Who helps the horses!! (The sound of Taif at the end of the night)
Khartoum – Sudan Events
In the space of silence
The Voice of Taif at the End of the Night, which was published in the eighties of the last century, with its powerful poems, in which Elias Fath al-Rahman extracted the most delicate poetry from the froth of political and cultural chaos and the nakedness of the ugliness of the sinful time.
Ali Al-Mak said in his introduction to the collection: “I do not want this collection of poetry by Elias to fall into the space of silence that is expanding in our country like the destructiveness, desert encroachment, and contemporary hybridity.” Unfortunately, this group fell into the space of that silence and did not receive the attention of critics that it deserved and that Elias deserved as a great poet.
Imagine poems
The dazzling image and language, rich and dense with its perceptions and imagination, are what made the poems chosen by the poet so beautiful.
The collection is almost a spectrum of images that pass over facts, events, people, visions, and dreams, as if they were crossing an ocean of deep contemplations about the darkness of life.
Elias’s poetic images come alive, formulated within the language of texture alone. It is shrouded in mystery at times, and at times the language reveals the essence of its meanings through images that flow from the poet’s imagination to formulate a world that celebrates humans, life, and the joy of poetry.
Elias’s poetic images flow like a river, and there is no way to observe it in its eternal journey except by ascending to the highest peaks of language and its imagination. In his poem (Image), which was inscribed on the walls of Taif Sound, Elias says:
A stabbing thirst, the softest words in his hall
And get high
And Basil
…then
The lovers raised their bowls
The act wore its agitated robe
So he walked in the honey sweat of time.
Pictures full of life
Poetic images meet on astonishing shores, thirst and an air that leaves words in it, and love that drives action to flow honey in the sweat of time.. Oh my God.. where does despair come from with these wonderful strange images, the imagination of poetry frequenting the chandelier. The image of the action goes toward its goal, so consider:
When fear prevailed
Take off the verb and make it shriveled
He cried and retired.
Here, the image of Elias and the extravagant language meet to create a dramatic theater full of life.
An image that you can see, imagine, and almost catch in its unbridled moment.
Elias’s poetry does not know despair or wandering in the spaces of the unknown, but seeks a being of creative and message value that continues to awaken those sleeping in the court of poetry to the great task that the great poets assign themselves.
A wailing wall
The poet says in an interview published in Public Opinion: “My poem is the way I know to combat the lies of history in order to reach the most beautiful and sensitive human being.”

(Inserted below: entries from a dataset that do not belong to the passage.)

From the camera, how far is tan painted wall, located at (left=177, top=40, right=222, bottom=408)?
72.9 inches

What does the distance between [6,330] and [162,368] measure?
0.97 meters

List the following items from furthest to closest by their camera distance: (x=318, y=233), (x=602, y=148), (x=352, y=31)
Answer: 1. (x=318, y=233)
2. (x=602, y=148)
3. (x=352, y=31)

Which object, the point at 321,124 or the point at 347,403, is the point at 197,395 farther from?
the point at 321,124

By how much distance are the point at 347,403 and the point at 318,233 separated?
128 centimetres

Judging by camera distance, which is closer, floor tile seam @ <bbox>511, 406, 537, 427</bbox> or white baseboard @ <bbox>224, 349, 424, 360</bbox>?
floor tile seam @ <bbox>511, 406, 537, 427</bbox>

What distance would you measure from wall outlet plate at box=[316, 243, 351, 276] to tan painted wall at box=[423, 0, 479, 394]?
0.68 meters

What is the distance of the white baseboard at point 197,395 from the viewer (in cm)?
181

When the sound of Taif at night is an attempt to wake up the sleepers and pull them out of the absurdity of their actions and poetry, listening to the voice of the poet-singer becomes possible, and even an enjoyable duty.

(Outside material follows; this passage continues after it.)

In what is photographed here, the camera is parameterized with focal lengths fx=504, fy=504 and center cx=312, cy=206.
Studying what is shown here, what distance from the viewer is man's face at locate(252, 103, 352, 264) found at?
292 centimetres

Elias Fath al-Rahman did not turn his exile into a wall to cry over the homeland, but rather he turned his exile into a tent. “I resist so as not to be uprooted… by making the nature of exile a positive one. It is a tent, not a prison.”
Throughout all of his poems, Elias’s poetry is almost devoid of the complaints of immigrant poets, as he remains in the midst of the daily actions of his homeland and its people.
The poems vary within one context, integrated with concerns that do not leave it, or in search of anxious answers to confusing questions.
Repost
In his keenness to ensure the security of poets away from the questions of livelihood, Elias says: “Unfortunately, we are still stuck in the question of livelihood and the question of survival.
Let us consider that the ordinary and natural in our country falls into the category of dream and miracle.”
From simple meanings and great values (between a dream and a miracle), Elias derives his poetic energy, and you see him climbing the trunks of palm trees (by circumambulation).
I thought you were in the moment of the storm
You remain standing, my palm tree
What are you calling me for?
My reproach grows on
He directed my bleeding veins.
Then he crosses into the space of his friends or burrows into the mud of politics to explore many of the daily situations and disasters that have befallen the nation.
Then he goes beyond all of that to immerse himself in the issues of his nation, as he did in his poem (Thirty), dedicated to his friends Buland Al-Haidari and Saadi Yousuf , which fully expresses that spirit that rises in poetic action outside the frameworks of its limited geography to become a global anthem with meaning and connotation.
Thank you to the Abdel Karim Mirghani Center, which republished the poetry collection’s poems in a poetry collection called (No One Helps Horses).
I wonder how this collection, which represents a wonderful historical poetic memory, was forgotten? Elias helped us with his poetry, but he is not responsible for helping the horses of criticism!!